Thursday, March 15, 2012

Interpretive Vernacular: Pop Culture is a Language

I trust people who sound like me. I trust people who speak the same language as me. Part of this comes from a simple fact of understanding. I speak very little Spanish, even less French.

But I also speak other languages, and trust people who speak to me in those languages.

First, I speak geek. I am an unrepentant lover of science fiction, native to personal computers since the era of the DOS prompt, frequent quoter of nerdy movies and television, admirer of the beautiful simplicity of physics and the amazing symmetry of maths. Geek is a second tongue for me.

I also speak the language of popular culture. Frankly, we all do to greater or lesser degrees. I know what Mad Men is all about. I 'get' a good number of the gags when Saturday Night Live lampoons MTV, BET or Lifetime. I have enough of a working knowledge of the Twilight series, The Jersey Shore and much of modern popular music to understand a passing reference to them (and know they hold no real interest for me).

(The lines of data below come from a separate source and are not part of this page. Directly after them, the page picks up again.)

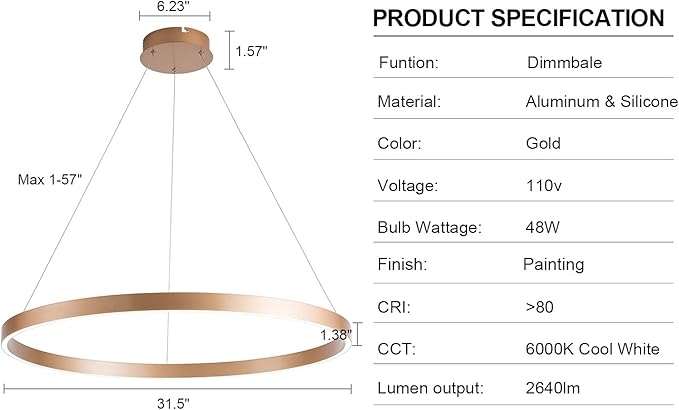 MADEM Room Decor Modern LED Chandelier 1-Ring Circular Dimmable Pendant Light Flush Mount Pendant Lighting for Living Room Dining Room, Bedroom, 31.5'' x 1.38'', 3000K-6000K, Gold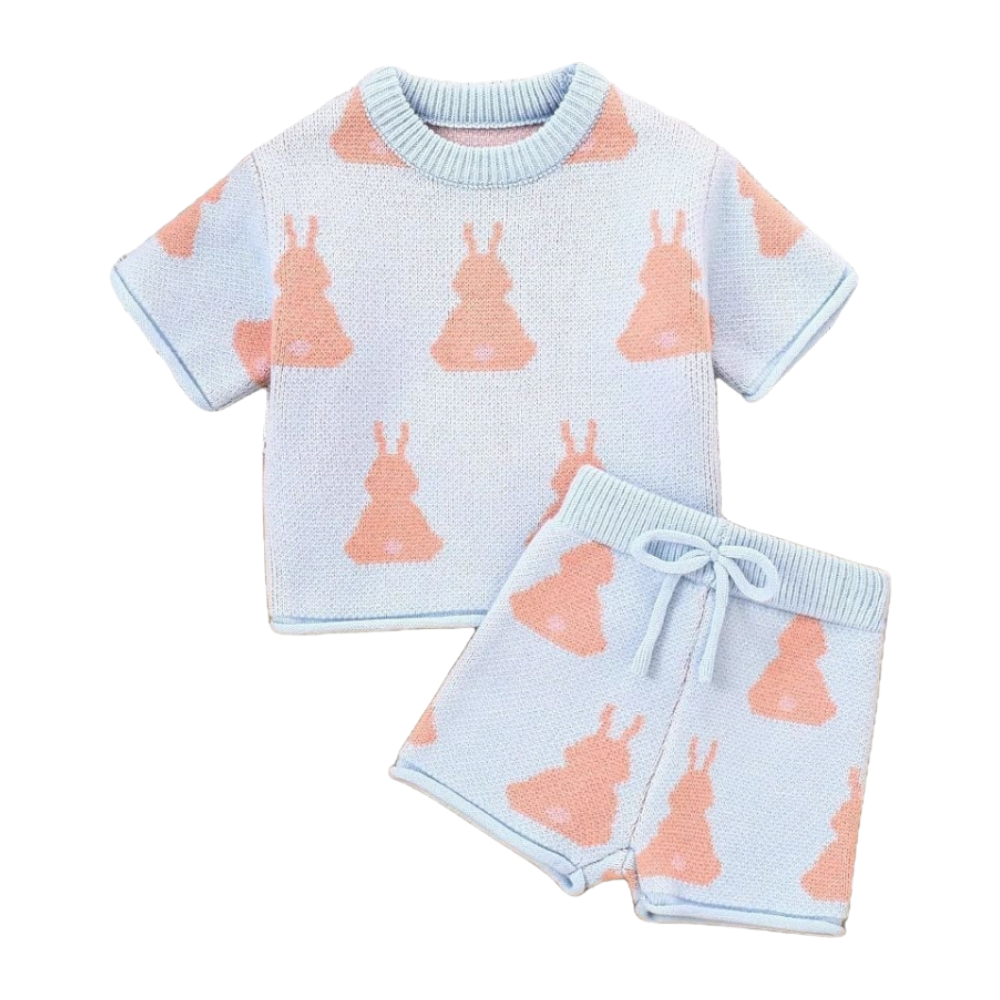 Bunny Print Knitted Girls Top and Shorts Set - Beekee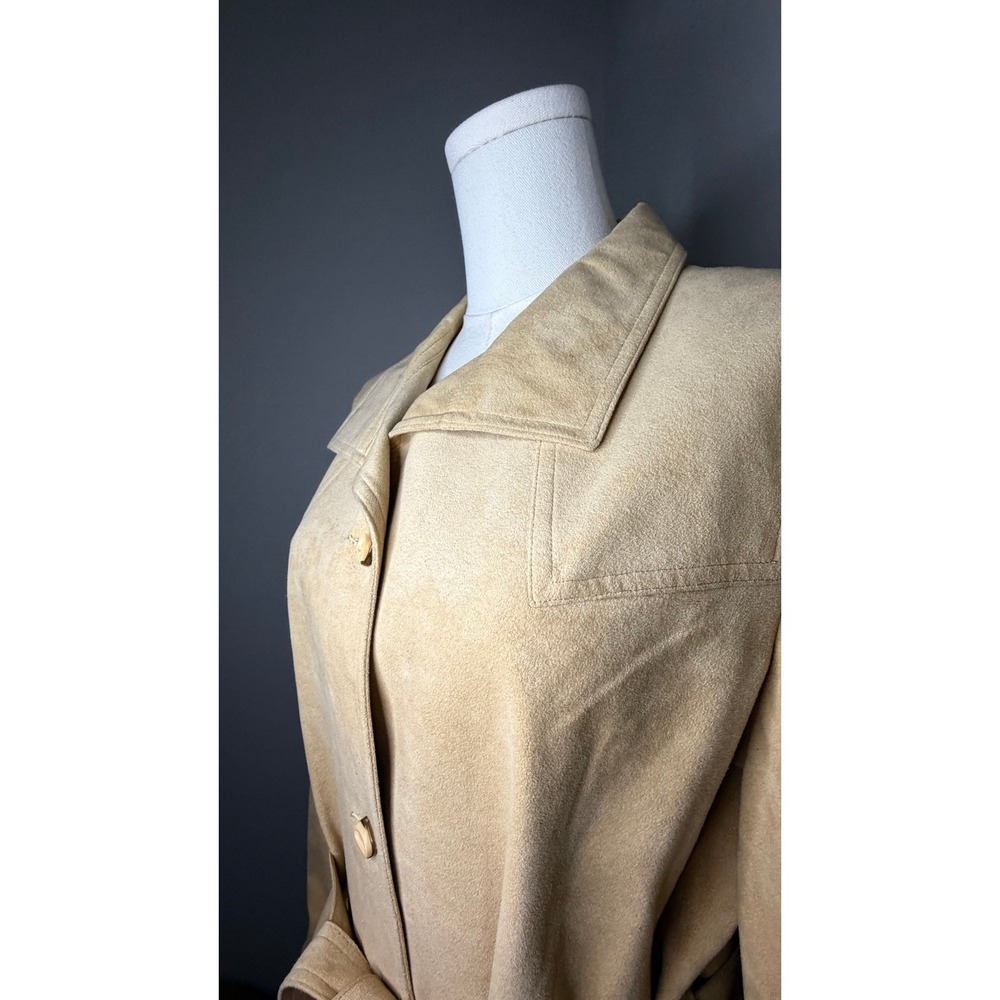 Vintage Jacobsons Ultrasuede Trench Coat Camel Western Stitch 90s Duster Size 12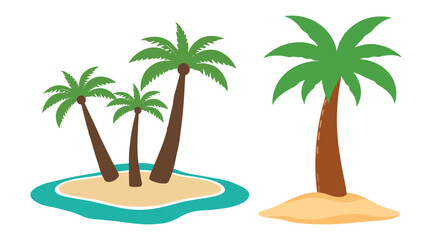 beach Style cartoon Palm Tree Vector design and summer Projects on white background.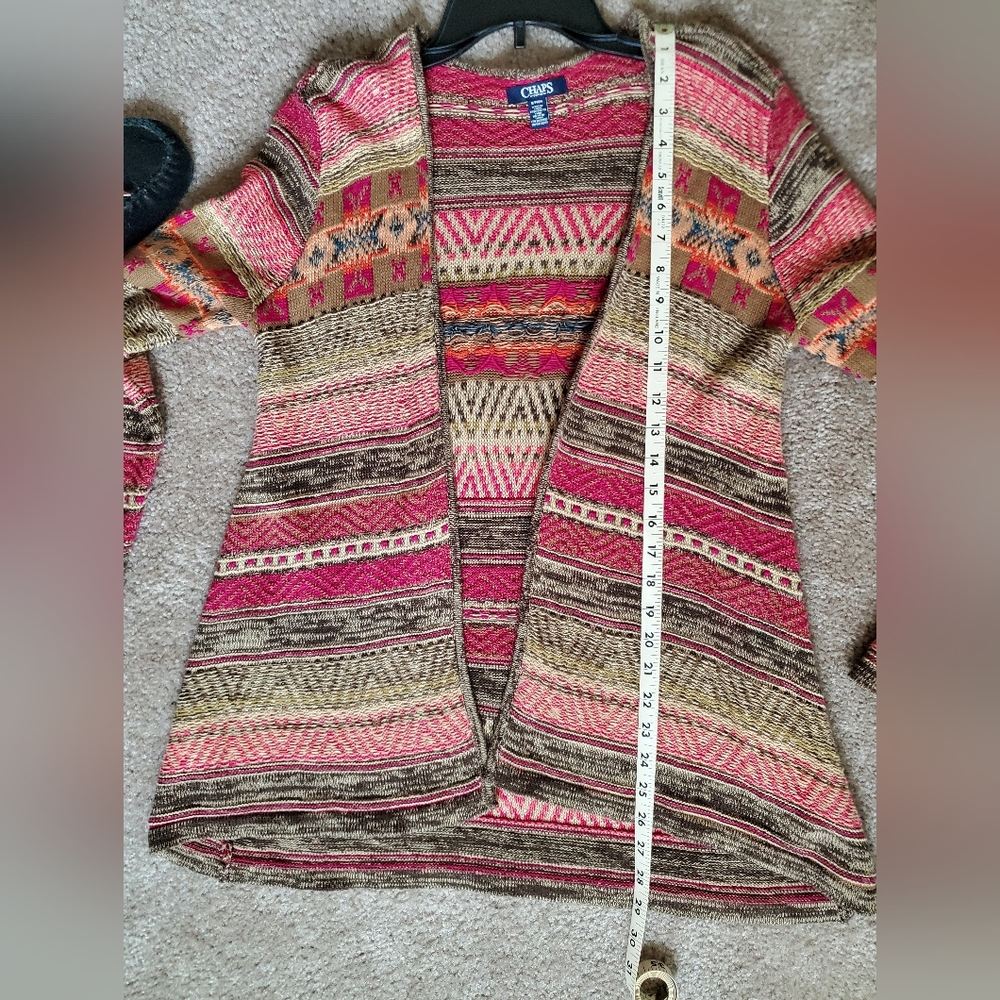 Chaps Cardigan Multi Stitch Small - image 5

But when I interpret, I am told to dress up my language. We struggle in the public history world with this awkward concept of 'agency voice.' We quake in fear at the concept that we as individuals speak in some mystical, disembodied voice on behalf of our agencies or institutions. But this gussying up our prose, this abandonment of a cultural vernacular for some perceived cultural high ground could be severely destroying our ability to communicate with a modern audience.

We can't speak to an audience in a language they don't understand. Speaking more slowly and louder doesn't work. Just because an audience might listen to Lady Gaga doesn't make them unable to understand, appreciate and come to care for large historical concepts and truths. Sometimes we need to speak in the very words our audiences share with each other, that we share with each other everyday.

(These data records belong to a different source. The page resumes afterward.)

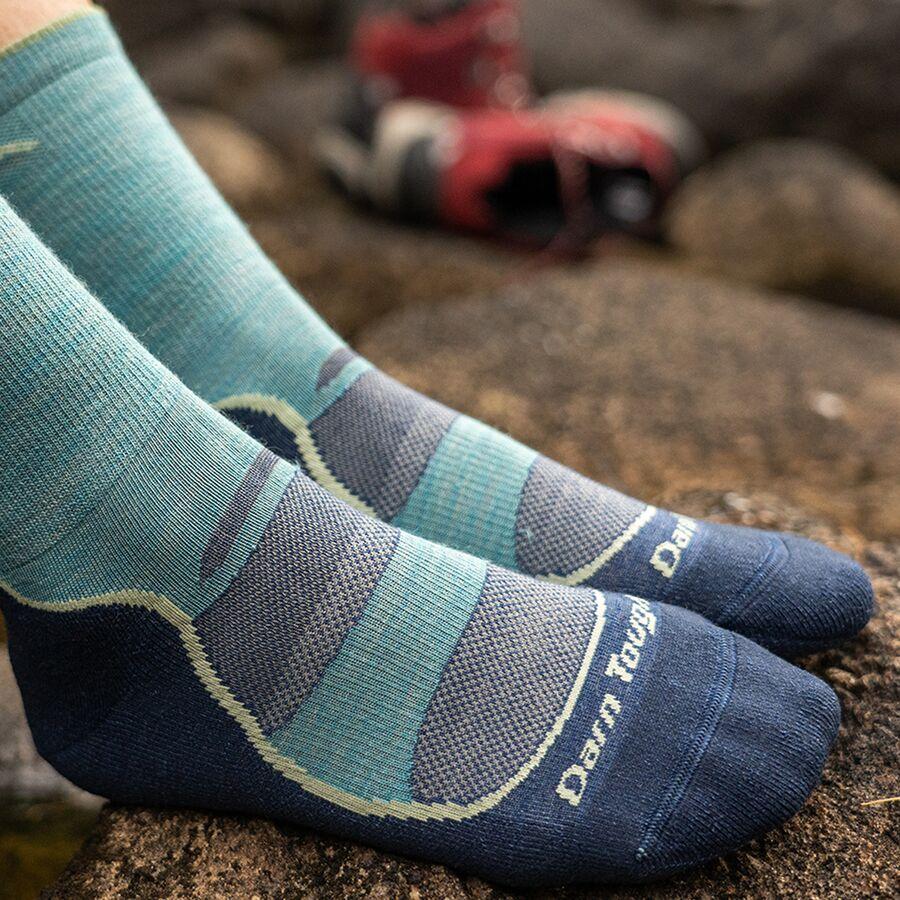 Darn Tough Light Hiker Micro Crew Light Cushion Sock - Women's Aqua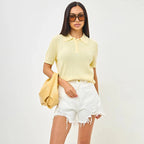 Women's Short Sleeve Pointelle Knit Polo Sweater 4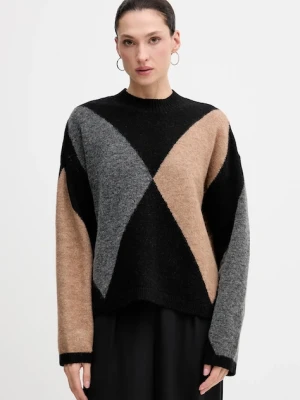 Barbour sweter z dodatkiem wełny SABRINA damski kolor czarny LKN1678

So what might this look like? Simple: imagine if Lady Gaga performed a power-anthem to accompany the women's suffrage movement of the late 1910s...

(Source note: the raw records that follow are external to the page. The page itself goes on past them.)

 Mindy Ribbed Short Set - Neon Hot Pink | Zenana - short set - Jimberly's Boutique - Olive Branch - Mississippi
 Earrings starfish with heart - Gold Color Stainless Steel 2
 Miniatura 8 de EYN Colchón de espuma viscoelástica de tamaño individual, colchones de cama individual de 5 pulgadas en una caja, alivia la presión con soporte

From the folks who brought you Too Late To Apologize, the latest in vernacular public history.

This video is nothing new per say. Yet it is still powerful. Watch it ten times, twenty times, a hundred times. Each time you'll find another small, powerful detail. Did you catch the note from the Senator's mother telling him, "Huzzah and vote for Suffrage"? Did you catch the doubt in the woman's eyes as she proudly declared she didn't need to vote? Did you notice how the protesters in front of the White House were a spot on match for the real women who stood there fighting for their rights? The piece is outrageously powerful, even on the hundredth viewing.

Add caption
But it is only an evolution, not a revolution. It joins a long lineage of style and straight parody incorporating history and civics into a modern vernacular language. Who from my generation and the one preceding doesn't recognize the line, "I'm just a Bill, Yes I'm only a Bill..."? I learned the preamble to the Constitution thanks to Schoolhouse Rock! as well, and still need to hum the tune to keep the pieces in the right order in my mind. Even Schoolhouse Rock! took on Women's Suffrage, with another power anthem about gaining the right to vote.

How can we foster more creative ways of sharing the vast world of history with the public in the language they speak instead of the stilted and foreign voice we think our institutions should speak with? How can we reach an American public where they already are, instead of fruitlessly demanding of them that they try to understand a language they don't speak natively?

I'm not sure. But I think it looks something like a tribute to Lady Gaga featuring Thriller-esque suffragettes, a brooding Woodrow Wilson and a struggle for freedom embodied by men and women acting to make the world better. I think it looks like Ben Franklin wearing a mock AC/DC tee-shirt and shredding the guitar while Thomas Jefferson sings his grievances to the King. I think it speaks in the language of the modern world, the vernacular of the culture we live within. That history will gain far more traction than anything in 'agency voice' could ever hope to, I guarantee.